Negara-negara inti terdiri atas negara-negara Eropa Barat yang sejak abad 16
mengawali proses industrialisasi dan berkembang pesat, sedangkan negara-negara
semi- periferi merupakan negara-negara di Eropa Selatan yang menjalin hubungan
dagang dengan negara-negara inti dan secara ekonomis tidak berkembang.
Negara-negara periferi merupakan kawasan Asia dan Afrika yang semula merupakan
kawasan ekstern karena berada di luar jaringan perdagangan negara-negara inti
tetapi kemudian melalui kolonisasi ditarik ke dalam sistem dunia. Kini
negara-negara inti (yang kemudian mencakup pula Amerika Serikat dan Jepang)
mendominasi sistem dunia sehingga mampu memanfaatkan sumberdaya negara lain
untuk kepentingan mereka sendiri, sedangkan kesenjangan yang berkembang antara
negara-negara inti dengan negara-negara lain sudah sedemikian lebarnya sehingga
tidak mungkin tersusul lagi.
PERUBAHAN
SOSIAL DI ASIA TENGGARA
Kemajemukan
masyarakat di Asia Tenggara telah memunculkan berbagai konsep dan teori yang
dilandaskan pada pengalaman khas berbagai masyarakat Asia.
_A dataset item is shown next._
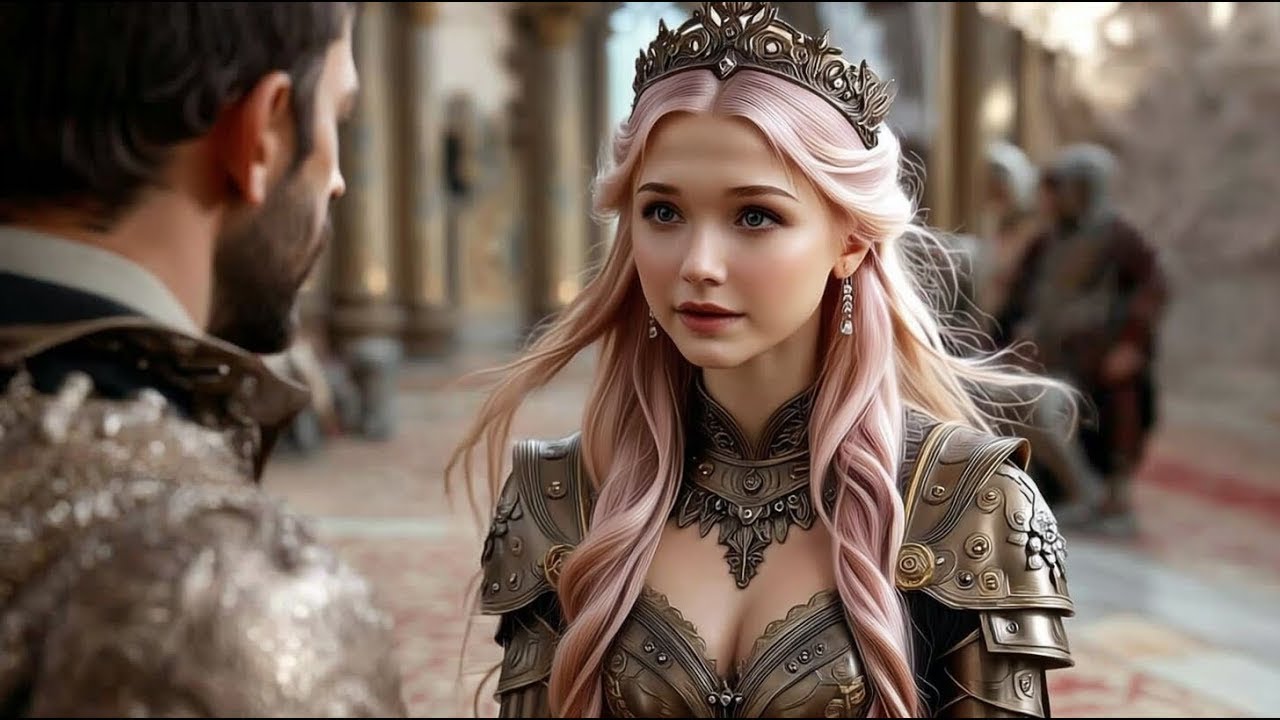 Alienprinzessin zeigte vor ihren Eltern auf mich und rief: „Ich will ihn!“ | Die besten HFY.....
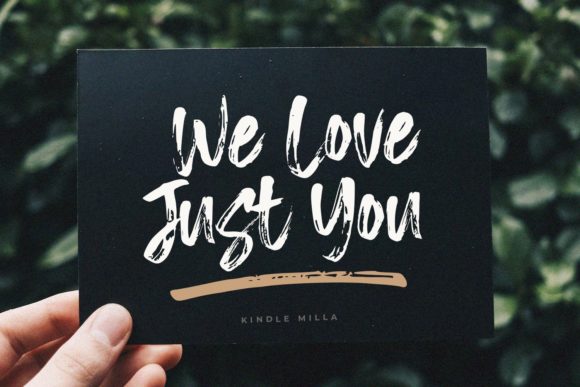 Sketching Font PNG with transparent background - Preview 1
Hans-Dieter Evers menyunting berbagai tulisan dan merangkumnya
menjadi konsep dual societies, plural societies dan involution.
Dual Societies
Menurut
Bocke dalam masyarakat Timur,
kapitalisme bersifat merusak – ikatan-ikatan komunis melemah, dan taraf hidup
masyarakat menurun – karena telah mengakibatkan terjadinya ekonomi dualistis.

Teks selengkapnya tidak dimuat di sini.